## Assignment
Keyword search on "Photo": report each line of the records that contains it.

## Extracted data

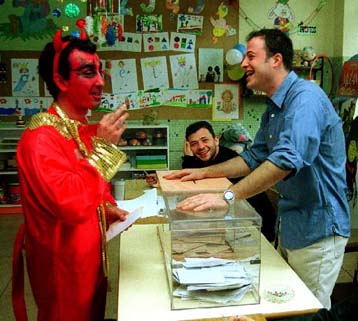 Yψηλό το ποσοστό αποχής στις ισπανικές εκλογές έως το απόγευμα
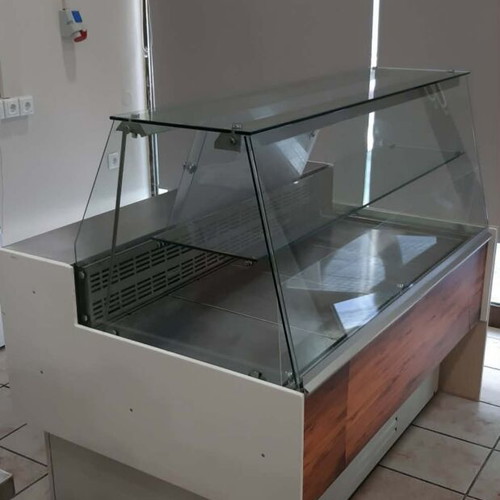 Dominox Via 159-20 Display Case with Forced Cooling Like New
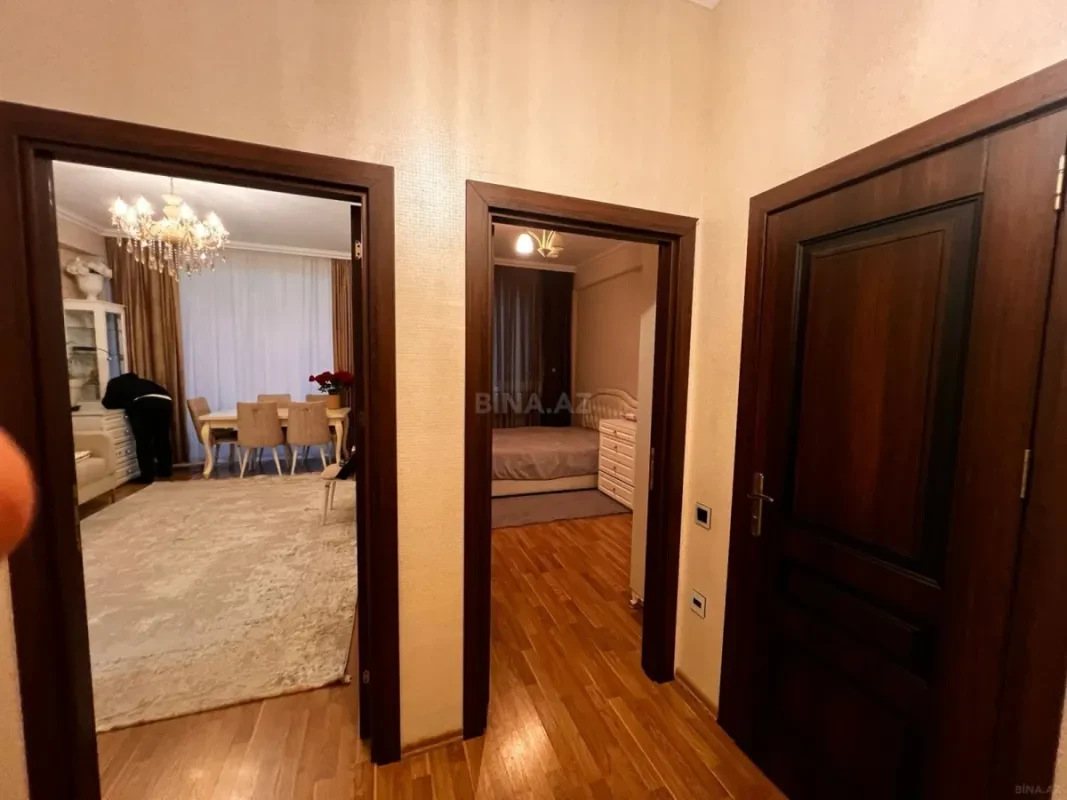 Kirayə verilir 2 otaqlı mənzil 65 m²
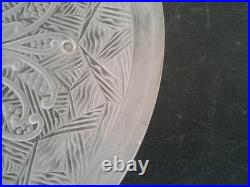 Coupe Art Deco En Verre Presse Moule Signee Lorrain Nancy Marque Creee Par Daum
---
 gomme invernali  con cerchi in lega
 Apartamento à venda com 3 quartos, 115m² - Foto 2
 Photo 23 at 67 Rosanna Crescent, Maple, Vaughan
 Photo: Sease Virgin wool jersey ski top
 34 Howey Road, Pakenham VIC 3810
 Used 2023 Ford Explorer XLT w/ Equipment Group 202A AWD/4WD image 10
...
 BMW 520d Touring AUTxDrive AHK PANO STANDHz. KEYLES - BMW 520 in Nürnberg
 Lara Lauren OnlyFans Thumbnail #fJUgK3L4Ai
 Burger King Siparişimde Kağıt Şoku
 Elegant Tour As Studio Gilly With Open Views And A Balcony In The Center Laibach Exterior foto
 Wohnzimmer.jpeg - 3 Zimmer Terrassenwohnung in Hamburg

## Output
 Photo 23 at 67 Rosanna Crescent, Maple, Vaughan
 Photo: Sease Virgin wool jersey ski top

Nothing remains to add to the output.